Jay Bhattacharya is now the National Institutes of Health (NIH) director, and one of his first priorities is to do something that the last three administrations have been unable to accomplish.
Bhattacharya must implement ironclad, binding regulations on researchers who want to play "mad scientist" and experiment with what's known as "gain-of-function" research.
Gain-of-function research is modifying a virus at the molecular level to make it "more capable of doing something, such as replicating more efficiently, infecting a wider range of species, or becoming more transmissible."
Short version: It makes a bad bug worse.
The research has a place in science as long as strict controls are placed on scientists and the labs where the research is conducted. The benefits of crafting powerful drugs and vaccines to counter what nature throws at us have been proven before using gain-of-function research.
The SARS-CoV-2 coronavirus was probably the result of a gain-of-function research project that escaped into the wild. The result was the COVID-19 pandemic that contributed to six million deaths around the world.
The Obama and first Trump administrations tried to curtail and place guardrails around gain-of-function experiments. However, they kept hitting a brick wall at the NIH with administrator Francis Collins and Anthony Fauci, director of the National Institute of Allergy and Infectious Diseases, who were both big boosters of gain-of-function research.
It appears that Fauci kept changing the definition of the research. Joe Biden's pardon has given him immunity for lying to Congress and for his unpardonable responsibility for the pandemic.
At this point, Bhattacharya is stuck. The new regulations the Biden administration drew up have been paused until the Trump administration can write its own rules, which may include banning gain-of-function research altogether.
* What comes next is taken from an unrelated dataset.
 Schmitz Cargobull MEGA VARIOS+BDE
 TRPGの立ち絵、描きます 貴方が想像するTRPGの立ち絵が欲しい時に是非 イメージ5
In May 2024, the Biden administration issued a new regulatory framework that clarified when research funding agencies like the NIH needed to forward research proposals involving the enhancement of potential pandemic-causing pathogens up the chain for independent department-level risk-benefit review.
That framework is supposed to go into effect on May 6. But back in January, the White House paused implementation of any pending regulations from the last administration, which include its pandemic research regulations.
The new regulations will thus remain stalled unless, and until, the White House decides otherwise.
The Trump administration is considering pausing all gain-of-function research until proper safeguards can be developed. Also, Sen. Rand Paul (R-Ky.) has reintroduced a bill to create an "independent Life Sciences Research Security Board within the executive branch." The board would have to sign off on any proposed gain-of-function research.
Last year, when Paul's bill passed out of committee, Bhattacharya praised it, saying it was a "great step forward toward the goal of protecting the American people from scientists conducting the kinds of dangerous experiments that likely led to the COVID pandemic."
In recent weeks, Fauci and Collins have come under renewed, mainstream scrutiny for suppressing the early debate about whether its funding of risky pandemic research in Wuhan, China, could have caused the pandemic.
Richard Ebright, a molecular biologist at Rutgers University and arch-critic of gain-of-function research, argues that the change in personnel at NIH is just as important as any change in the executive regulations on gain-of-function research.
"The difference is if you have an NIH director who has a serious interest in this subject and wishes to reflect the public interest rather than his own interest and the interest of a very small set of high-risk researchers," he says.
Fauci and Collins will never be held fully responsible. They'll never see the inside of a criminal courtroom. But in the court of public opinion, they can be held accountable for letting loose a virus on the world that killed millions.